Mathematics, AI and Chess

Shannon's number is an estimate of the possible number of games of chess, arrived at by the mathematician and engineer Claude Shannon (1916-2001). Shannon postulated an average of 1000 possible moves for one move by White followed by one move for Black. Then he postulated a typical length of a chess game of 40 moves, and came up with his very famous number, his very famous estimate: there are at least 10 to the 120th power possible different chess games. 

I think Shannon's number is complete garbage. I think it tells us little beyond the fact that Shannon and other mathematicians didn't know much about chess, and that few chess players know much about math. Otherwise, Shannon's number would never have become famous to begin with, and, chastened by so much derisive laughter, he would've headed back to the drawing board to try again. 

In some positions on the chess board, there are many possible moves. For White's first move, there are 20 possible moves: 16 by the Pawns and 4 by the Knights. 20 choices also for Black's first move. There are other position in which a player would have far move than 20 possible moves. For example, if a player had 3 Queens, 2 Bishops, 2 pawns and a lot of space.  

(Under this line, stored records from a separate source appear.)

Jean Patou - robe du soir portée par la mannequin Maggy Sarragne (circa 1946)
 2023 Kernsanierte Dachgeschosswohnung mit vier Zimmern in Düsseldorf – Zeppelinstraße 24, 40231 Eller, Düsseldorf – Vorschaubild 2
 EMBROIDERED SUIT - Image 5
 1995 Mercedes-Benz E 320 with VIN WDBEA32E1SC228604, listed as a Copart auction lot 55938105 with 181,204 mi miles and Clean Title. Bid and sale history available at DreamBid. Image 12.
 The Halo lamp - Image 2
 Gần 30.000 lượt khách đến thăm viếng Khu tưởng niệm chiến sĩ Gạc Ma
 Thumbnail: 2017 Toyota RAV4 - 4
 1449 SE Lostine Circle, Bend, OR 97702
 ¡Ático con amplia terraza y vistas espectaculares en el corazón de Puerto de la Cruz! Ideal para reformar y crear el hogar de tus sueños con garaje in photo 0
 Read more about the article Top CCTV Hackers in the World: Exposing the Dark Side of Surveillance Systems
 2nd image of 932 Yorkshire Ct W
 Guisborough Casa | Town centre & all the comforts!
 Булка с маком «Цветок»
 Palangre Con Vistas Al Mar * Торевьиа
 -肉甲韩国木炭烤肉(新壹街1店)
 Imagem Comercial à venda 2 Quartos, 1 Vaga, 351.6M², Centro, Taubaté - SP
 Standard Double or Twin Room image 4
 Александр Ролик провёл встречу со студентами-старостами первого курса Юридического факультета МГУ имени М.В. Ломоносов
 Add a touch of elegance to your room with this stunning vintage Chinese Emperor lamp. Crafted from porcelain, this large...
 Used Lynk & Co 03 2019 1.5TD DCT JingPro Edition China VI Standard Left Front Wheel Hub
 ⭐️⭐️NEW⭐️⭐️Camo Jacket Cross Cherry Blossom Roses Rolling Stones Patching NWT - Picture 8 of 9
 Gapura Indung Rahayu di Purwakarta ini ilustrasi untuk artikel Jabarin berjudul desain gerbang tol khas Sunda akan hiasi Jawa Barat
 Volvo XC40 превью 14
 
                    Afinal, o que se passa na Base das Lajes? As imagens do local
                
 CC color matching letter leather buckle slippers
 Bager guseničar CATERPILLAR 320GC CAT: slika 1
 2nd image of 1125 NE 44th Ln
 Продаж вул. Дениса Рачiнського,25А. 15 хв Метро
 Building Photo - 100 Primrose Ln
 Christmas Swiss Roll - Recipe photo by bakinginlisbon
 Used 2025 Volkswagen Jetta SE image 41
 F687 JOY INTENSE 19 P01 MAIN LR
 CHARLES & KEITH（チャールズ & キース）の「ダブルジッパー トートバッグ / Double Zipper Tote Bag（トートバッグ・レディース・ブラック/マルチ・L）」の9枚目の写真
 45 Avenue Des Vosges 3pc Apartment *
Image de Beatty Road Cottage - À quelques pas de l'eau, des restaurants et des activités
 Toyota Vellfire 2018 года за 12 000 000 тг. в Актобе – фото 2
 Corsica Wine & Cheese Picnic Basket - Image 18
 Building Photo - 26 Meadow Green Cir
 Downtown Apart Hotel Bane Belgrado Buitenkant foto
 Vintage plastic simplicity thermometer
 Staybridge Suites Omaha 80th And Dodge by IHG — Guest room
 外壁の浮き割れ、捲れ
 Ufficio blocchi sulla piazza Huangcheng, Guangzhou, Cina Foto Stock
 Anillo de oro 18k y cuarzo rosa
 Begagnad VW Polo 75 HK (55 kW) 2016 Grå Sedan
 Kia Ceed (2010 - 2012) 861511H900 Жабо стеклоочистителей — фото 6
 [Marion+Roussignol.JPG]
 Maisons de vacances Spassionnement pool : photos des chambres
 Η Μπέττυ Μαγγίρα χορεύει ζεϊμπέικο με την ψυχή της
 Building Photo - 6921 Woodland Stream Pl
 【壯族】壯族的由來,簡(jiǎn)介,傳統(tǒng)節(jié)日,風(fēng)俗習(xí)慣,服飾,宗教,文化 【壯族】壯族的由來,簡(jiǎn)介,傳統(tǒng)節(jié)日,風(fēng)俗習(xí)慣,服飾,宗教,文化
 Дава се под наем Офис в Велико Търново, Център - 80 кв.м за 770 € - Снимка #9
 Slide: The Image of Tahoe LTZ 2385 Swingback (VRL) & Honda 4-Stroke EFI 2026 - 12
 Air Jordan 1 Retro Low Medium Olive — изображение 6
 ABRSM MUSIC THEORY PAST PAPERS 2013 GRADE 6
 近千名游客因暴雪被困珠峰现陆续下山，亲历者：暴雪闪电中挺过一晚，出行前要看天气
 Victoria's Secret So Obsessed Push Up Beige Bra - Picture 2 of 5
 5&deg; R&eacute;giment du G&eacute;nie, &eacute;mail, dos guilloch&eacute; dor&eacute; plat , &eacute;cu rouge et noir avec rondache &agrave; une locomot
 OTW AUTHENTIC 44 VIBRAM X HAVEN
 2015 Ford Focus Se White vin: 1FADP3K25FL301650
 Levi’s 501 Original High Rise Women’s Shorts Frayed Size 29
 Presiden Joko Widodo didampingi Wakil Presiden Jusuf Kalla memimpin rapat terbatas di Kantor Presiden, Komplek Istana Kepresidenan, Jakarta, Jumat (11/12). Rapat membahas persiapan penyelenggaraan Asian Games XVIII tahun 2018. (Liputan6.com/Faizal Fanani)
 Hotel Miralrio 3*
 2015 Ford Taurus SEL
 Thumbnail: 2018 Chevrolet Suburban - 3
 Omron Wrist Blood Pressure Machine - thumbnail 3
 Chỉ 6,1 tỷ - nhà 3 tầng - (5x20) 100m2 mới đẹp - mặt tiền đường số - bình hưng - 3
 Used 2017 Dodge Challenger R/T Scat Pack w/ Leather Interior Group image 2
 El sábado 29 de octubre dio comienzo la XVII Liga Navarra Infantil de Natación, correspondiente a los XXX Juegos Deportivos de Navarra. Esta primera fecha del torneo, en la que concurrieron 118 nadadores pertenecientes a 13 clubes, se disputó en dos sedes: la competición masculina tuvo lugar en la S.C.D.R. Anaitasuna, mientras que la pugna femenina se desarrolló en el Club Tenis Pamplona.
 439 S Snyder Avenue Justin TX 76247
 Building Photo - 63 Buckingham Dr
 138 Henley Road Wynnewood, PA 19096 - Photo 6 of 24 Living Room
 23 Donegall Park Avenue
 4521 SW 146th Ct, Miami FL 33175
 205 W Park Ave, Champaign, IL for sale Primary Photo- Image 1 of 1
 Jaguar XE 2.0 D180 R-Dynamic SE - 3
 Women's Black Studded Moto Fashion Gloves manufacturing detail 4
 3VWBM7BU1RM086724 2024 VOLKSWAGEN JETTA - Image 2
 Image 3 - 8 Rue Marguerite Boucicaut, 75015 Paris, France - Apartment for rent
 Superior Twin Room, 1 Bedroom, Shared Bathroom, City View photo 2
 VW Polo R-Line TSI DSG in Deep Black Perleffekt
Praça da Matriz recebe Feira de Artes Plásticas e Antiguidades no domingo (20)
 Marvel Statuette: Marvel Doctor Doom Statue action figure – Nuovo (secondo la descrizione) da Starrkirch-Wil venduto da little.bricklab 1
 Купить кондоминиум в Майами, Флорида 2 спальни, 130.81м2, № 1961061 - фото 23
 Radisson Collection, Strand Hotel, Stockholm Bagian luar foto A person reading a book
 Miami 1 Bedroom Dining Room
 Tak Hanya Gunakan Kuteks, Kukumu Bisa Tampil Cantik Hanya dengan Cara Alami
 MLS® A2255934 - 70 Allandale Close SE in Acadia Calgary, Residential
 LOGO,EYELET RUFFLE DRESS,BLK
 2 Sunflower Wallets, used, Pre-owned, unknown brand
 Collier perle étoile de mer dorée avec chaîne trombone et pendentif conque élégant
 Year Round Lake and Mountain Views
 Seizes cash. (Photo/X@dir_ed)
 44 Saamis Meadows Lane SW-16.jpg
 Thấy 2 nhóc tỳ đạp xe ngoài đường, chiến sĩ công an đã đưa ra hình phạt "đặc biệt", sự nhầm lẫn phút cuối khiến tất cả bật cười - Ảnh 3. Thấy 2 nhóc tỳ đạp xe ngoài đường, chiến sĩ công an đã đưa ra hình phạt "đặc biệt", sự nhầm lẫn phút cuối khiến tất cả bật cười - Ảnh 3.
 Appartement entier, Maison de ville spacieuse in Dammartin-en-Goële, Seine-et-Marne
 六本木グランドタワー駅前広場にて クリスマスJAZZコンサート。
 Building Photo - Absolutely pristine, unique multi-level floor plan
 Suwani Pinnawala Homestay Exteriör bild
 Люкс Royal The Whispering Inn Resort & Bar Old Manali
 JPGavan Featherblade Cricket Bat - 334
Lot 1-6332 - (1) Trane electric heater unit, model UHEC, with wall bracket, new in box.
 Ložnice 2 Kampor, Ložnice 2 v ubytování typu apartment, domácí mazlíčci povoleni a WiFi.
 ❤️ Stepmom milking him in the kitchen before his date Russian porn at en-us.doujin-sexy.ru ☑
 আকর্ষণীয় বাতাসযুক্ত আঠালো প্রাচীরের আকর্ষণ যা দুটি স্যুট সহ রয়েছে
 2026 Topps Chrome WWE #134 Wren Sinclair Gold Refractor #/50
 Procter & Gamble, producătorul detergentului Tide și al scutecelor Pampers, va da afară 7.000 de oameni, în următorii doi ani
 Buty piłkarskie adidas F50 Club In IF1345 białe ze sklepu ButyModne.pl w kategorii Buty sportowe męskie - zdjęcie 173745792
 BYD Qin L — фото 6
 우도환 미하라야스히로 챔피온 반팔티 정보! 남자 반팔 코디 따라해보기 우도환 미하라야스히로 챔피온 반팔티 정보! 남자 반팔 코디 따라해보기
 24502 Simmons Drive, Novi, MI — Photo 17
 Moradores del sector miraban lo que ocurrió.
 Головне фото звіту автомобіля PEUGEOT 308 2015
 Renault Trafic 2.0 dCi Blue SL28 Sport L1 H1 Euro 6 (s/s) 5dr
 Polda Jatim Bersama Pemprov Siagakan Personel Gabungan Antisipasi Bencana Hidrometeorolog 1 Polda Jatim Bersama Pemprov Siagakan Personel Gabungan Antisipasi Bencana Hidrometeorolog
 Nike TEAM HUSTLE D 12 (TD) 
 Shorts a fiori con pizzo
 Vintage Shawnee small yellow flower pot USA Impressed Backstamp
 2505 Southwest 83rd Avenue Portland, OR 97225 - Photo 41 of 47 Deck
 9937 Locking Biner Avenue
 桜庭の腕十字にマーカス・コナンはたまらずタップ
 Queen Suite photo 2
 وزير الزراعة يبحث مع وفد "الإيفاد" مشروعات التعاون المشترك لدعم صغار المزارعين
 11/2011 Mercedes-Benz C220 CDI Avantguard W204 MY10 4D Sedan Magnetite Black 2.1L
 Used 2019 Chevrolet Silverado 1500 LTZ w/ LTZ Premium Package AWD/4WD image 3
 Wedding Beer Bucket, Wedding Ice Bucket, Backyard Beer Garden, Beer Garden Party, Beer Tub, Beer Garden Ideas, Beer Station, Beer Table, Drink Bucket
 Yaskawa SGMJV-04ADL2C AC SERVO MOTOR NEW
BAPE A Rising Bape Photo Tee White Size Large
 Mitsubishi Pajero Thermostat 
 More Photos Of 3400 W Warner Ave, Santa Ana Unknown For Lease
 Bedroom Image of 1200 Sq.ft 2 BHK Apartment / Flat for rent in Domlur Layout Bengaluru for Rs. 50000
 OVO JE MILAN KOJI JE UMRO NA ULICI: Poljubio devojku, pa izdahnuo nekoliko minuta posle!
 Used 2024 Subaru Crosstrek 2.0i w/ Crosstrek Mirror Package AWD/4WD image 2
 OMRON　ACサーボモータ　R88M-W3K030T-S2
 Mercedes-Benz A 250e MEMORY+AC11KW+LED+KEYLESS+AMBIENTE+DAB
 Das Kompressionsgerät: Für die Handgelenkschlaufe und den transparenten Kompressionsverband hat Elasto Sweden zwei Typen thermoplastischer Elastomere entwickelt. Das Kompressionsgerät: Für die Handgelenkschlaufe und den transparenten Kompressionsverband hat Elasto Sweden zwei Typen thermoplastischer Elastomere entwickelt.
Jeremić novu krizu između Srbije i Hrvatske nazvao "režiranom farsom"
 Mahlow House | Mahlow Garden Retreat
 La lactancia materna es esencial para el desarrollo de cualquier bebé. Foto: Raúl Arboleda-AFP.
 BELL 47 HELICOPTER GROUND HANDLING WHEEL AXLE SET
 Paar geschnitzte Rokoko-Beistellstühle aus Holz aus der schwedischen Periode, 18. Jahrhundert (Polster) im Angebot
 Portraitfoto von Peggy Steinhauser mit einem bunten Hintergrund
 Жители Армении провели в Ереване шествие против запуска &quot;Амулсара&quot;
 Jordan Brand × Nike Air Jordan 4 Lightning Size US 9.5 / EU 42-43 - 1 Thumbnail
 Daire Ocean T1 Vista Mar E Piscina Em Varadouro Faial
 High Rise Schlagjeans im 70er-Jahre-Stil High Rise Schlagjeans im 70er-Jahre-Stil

In other positions, a player has only 1 possible move: if his King is under attack and there is one 1 possible way to defend it. Or if there is only 1 possible move which would not expose his King to attack. And there are positions where only 2 moves could defend the King against attack. Or 3, or 4, and so forth.

Or, instead of threats to the King, the number of moves could be limited by his pieces being blocked by his opponent's pieces, or by his own pieces. 

How would one get an average number of moves out of all of these different kinds of positions? How many different positions are there with just 1 possible move? How many positions yield 50 or more possible moves? I have no idea. Not the faintest idea. Furthermore, I have yet to see anyone even asking this very basic kind of question when trying to determine the number of possible chess games. I'm not saying I'm the only person who's asked these questions. I'm saying that not enough people have been asking them insistently enough for the evidence of their existence to have come to my attention.

Okay, now, the number of moves in a game. Average it out at 40, like Shannon? That's ridiculous. Checkmate can happen after 2 moves, or 4 moves. It's not unheard of for checkmate to happen after 10 or 15 moves, or 20 or 30. Conversely, some games have gone on for hundreds of moves. Has anyone even attempted to calculate the number of ways in which a game could last for over 100 moves? Or the number of different ways in which a game could go on, limited by the rule that one player can claim a draw if 50 moves go by during which neither player captures and piece or moves a Pawn? Did you notice that I said that a player CAN claim a draw under those conditions? We may have to make such draws mandatory and automatic if we wish to make the number of different games finite -- or perhaps not, I'm not competent to say.

These are just a few examples of the different numbers which would need to be calculated before one could attempt to combine them all and come up with any sort of reasonable estimate of the number of possible chess games.

I don't believe that AI is here. I haven't seen a product designed by AI which wasn't hideously ugly, haven't read a poem written by AI which wasn't ridiculous, haven't interacted with a search engine or automated call center which wasn't infuriatingly stupid. 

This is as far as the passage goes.